Gli ascoltatori di audiolibri lo sanno: 48 h di ascolto non sono poche. Se poi chi legge non è particolarmente coinvolgente, succede che ci si distrae spesso e si torna indietro di continuo…
Ecco, è da mesi che sto tentando di finirlo, mi mancano cinque ore e spero di riuscire a trovarle da qui a fine marzo. È andata così anche con “La Montagna Incantata”, 41 ore e mezza di ottima narrazione, ma insomma, mi ci è voluto un po’ per arrivare alla fine.
Sto quindi scrivendo la recensione di un libro che non ho ancora finito di leggere (ascoltare)?
Ebbene sì. A mia discolpa posso però affermare che:
- nel frattempo ho visto il film (La Scuola Cattolica, Stefano Mordini, 2021);
- avendone ascoltato quasi il 90%, credo di poter dire con serenità che non mi aspetto grossi colpi di scena dal restante 10;
- forse sto recensendo più l’oggetto audiolibro in sé, che non questo specifico audiolibro.
Comunque sia:
il bravo Albinati sostiene più volte nel corso del racconto che il tema dello stesso sia il DDC (Delitto Del Circeo). Di fatto però ne parla tutto sommato poco; lo utilizza invece come collegamento tra i tanti argomenti che vuole trattare, invero molti e molto vari, con sessualità e violenza a fare da collante.

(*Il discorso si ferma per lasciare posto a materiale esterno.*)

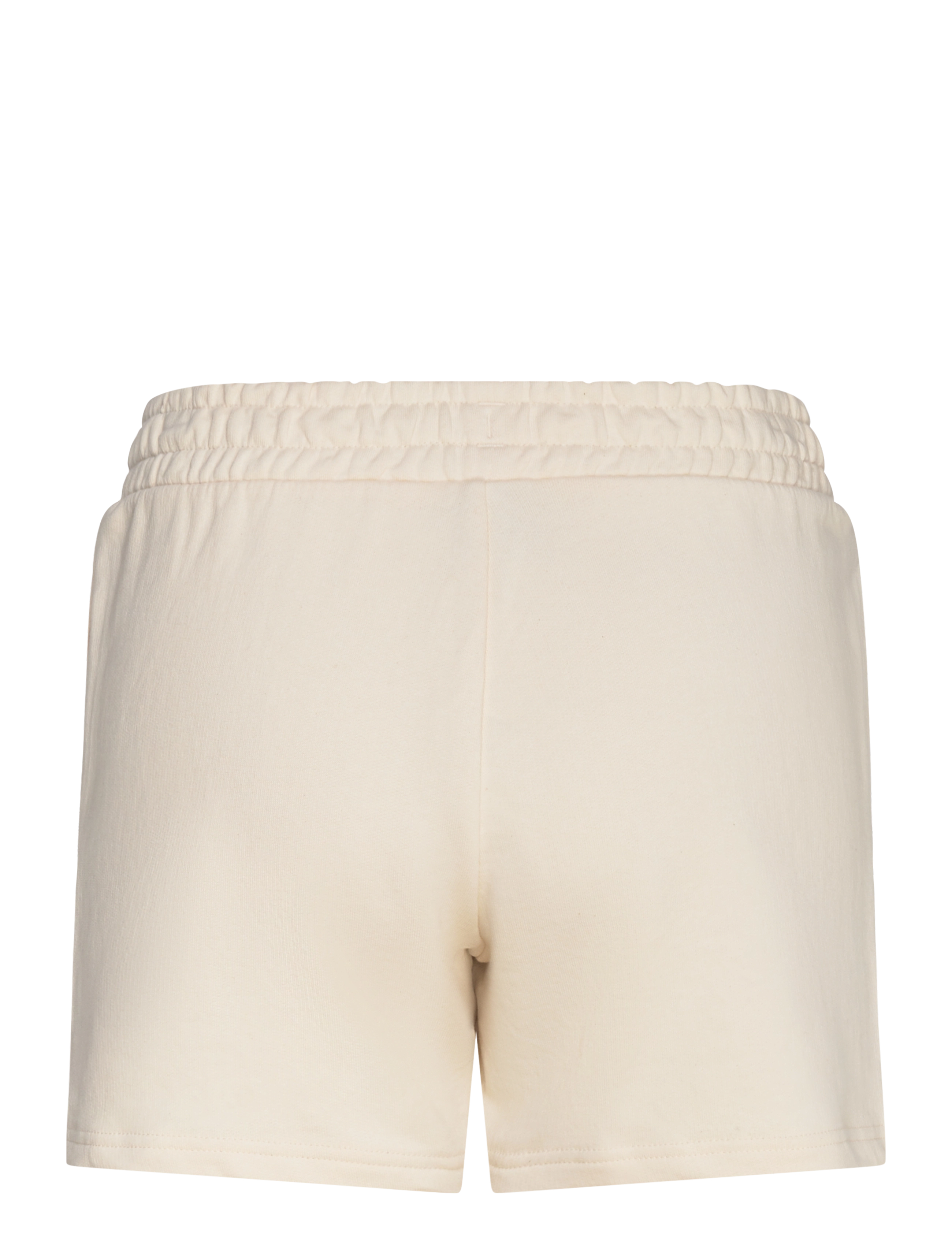 PUMA - ESS ELEVATED Mid-Rise Shorts 5" - sweatshorts - no dye - 1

Compagno di scuola (cattolica) degli autori di quello e di altri delitti, riflette, e chiede anche a noi di riflettere (credo, ma non è che l'abbia sentito di persona), su quanto possa essere piccolo il salto da compiere per passare dal “bene” al “male”; su quanto ci venga naturale l’essere violenti; su quanto l’educazione famigliare e scolastica incidano su questa naturalezza e sulla nostra stabilità mentale.

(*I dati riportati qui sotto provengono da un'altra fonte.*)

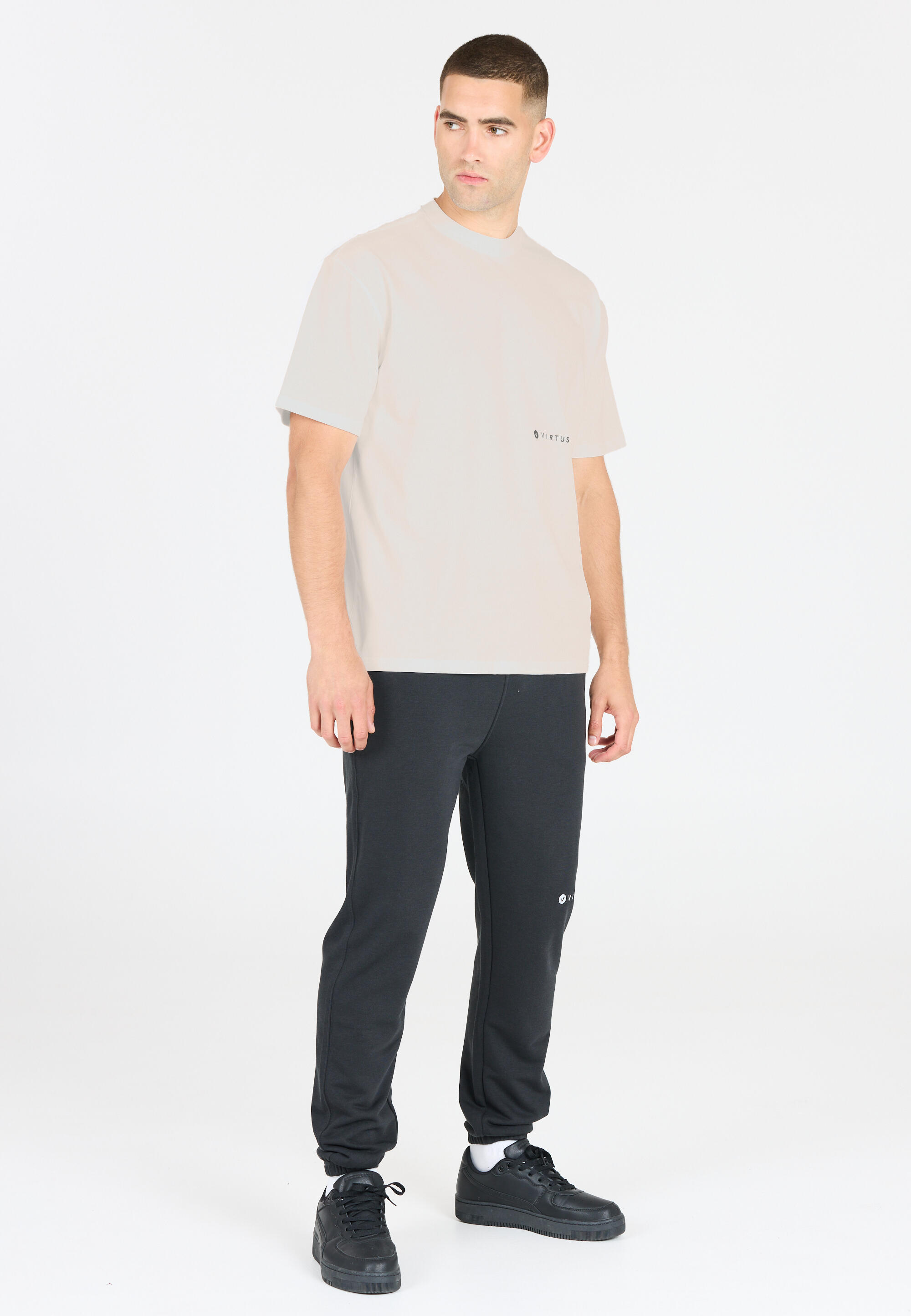 T-shirt Virtus Josephy 4/5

E poi sui collegamenti tra eversione nera, Stato e criminalità organizzata, sulla musica, sull’alta borghesia italiana degli anni ‘70, sulla letteratura, sulla religione, sulle ragazze tedesche, sul cazzo le tette la figa e il culo, l’adolescenza e la gioventù, l’arte e gli artisti, la politica, lo stupro, il terrorismo, i quartieri “bene” di Roma, l’essere maschi (“una malattia incurabile”), e su molto altro ancora.
Lo fa con una scrittura sempre eccellente, anche se in alcune fasi le molte divagazioni rendono un po’ faticosa la lettura e soprattutto, come dicevo sopra, l’ascolto.
Ma non abbastanza da scoraggiarmi.
Detto ciò, mi chiedo se nel caso di un audiolibro il giudizio vada dato all’autore del libro oppure a chi lo legge.
Mah. Credo ad entrambi, solo che il DeBasio ovviamente non lo consente.
Dirò quindi che in questo caso la voce narrante è quella di Giancarlo Cattaneo e che a me non piace troppo. Troppo enfatica, e poi spesso sbaglia tempi e pause, cosicché il senso di certe frasi si capisce troppo tardi e a costo di distrarsi dal fluire del discorso.
Il film è inutile.
Il libro invece è davvero molto bello.